Cedarwood Community Church, pastored by the Rev. Earl Crutchfield, was admitted to NACCC membership at the 2002 NACCC Annual Meeting in Spokane, Washington.
Cedarwood is located in Wetumpka, Alabama, population 6000. Wetumpka is described by Crutchfield as a “typical southern conservative town where all the churches are very traditional, mostly Southern Baptist.”
Crutchfield planted the church more than a year ago, taking an unusual tack in that he had no “core” group of people. He tells how he brought Congregationalism and contemporary worship to Baptist Land:
“We targeted the unchurched of the area with a direct mail letter announcing our Grand Opening Service. Only the unchurched who came that first Sunday stayed with us. Our worship area is in unfinished metal building, and we use padded chairs instead of pews. During our time of worship we use Praise and Worship music with the words on the big screen from a computer-driven monitor. We use the projection system for the announcements, scripture, and outline of the message. We do not have any song books, piano, organ, or choir. Instead, we use keyboards, guitar, and CD’s with a group of Praise Singers leading our worship service. We also use some drama and movie or video clips. Our worship and music are spirited with the objective of connecting with the people and providing the opportunity for them to experience God.
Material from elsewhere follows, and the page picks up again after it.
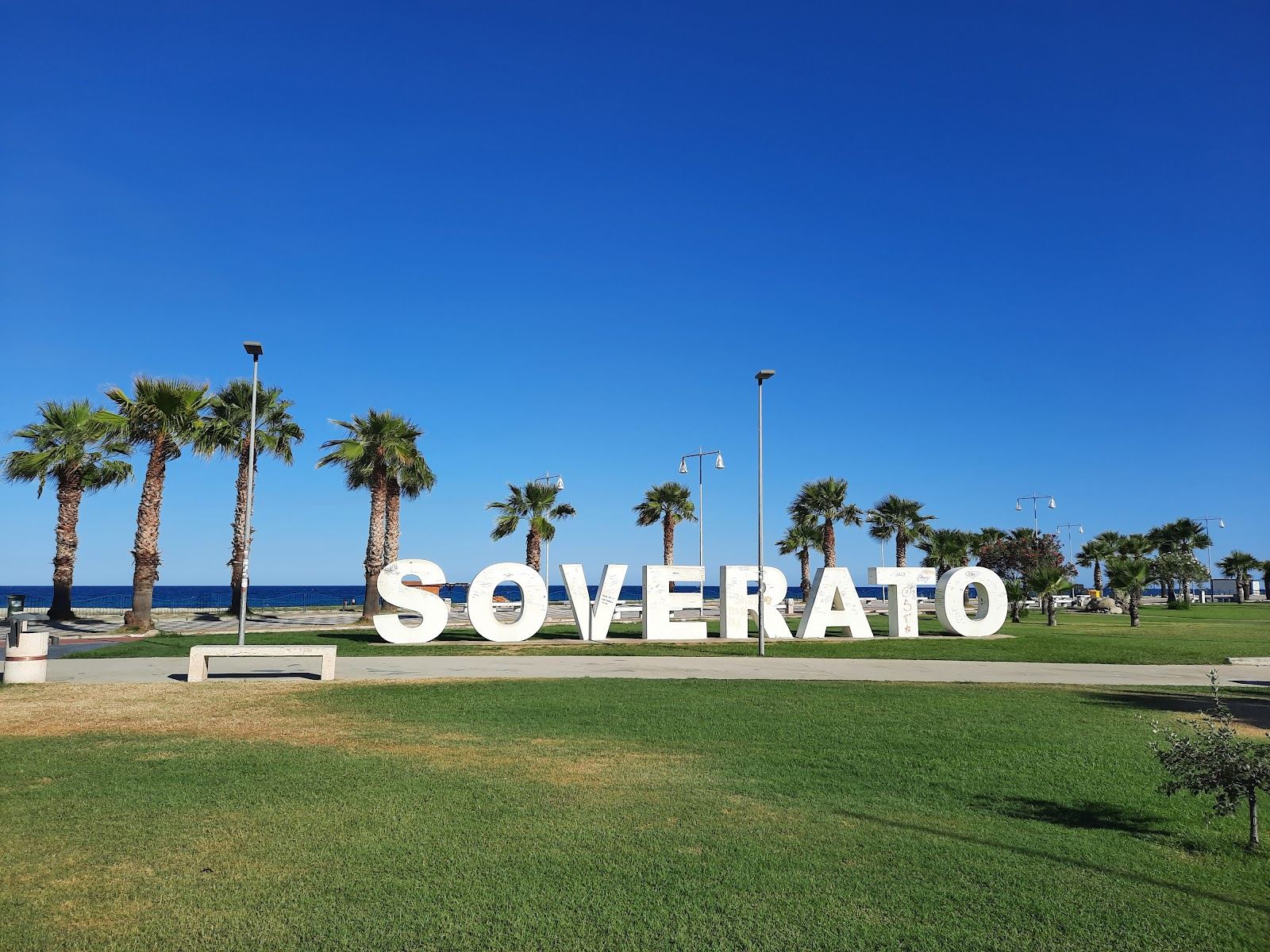 The long fine pale sand and calmer Ionian water at Soverato in Calabria, an easy family beach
“We still target the unchurched and the newcomers to the area. Cedarwood has a great diversity of people, and all age groups are represented that worship with us. Other churches in our area have now started using Praise ∓mp;mp;mp; Worship music or have started new contemporary worship services using the type of multimedia technology that Cedarwood is using.
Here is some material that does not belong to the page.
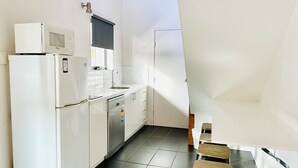 A compact kitchen with a refrigerator, microwave, sink, and dishwasher. There is a small stool and a window with a view of the outside. - The Menzies Ballarat (Bakery Hill)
“I understand that Praise and Worship or contemporary music is not for all churches, but it can be used in some churches along with multimedia as an alternative to the traditional style of worship to attract unchurched people. We have proven at Cedarwood that you can plant a new Congregational church even without a core group of people, using modern music and multimedia even in a very small, conservative area like Wetumpka, Alabama.”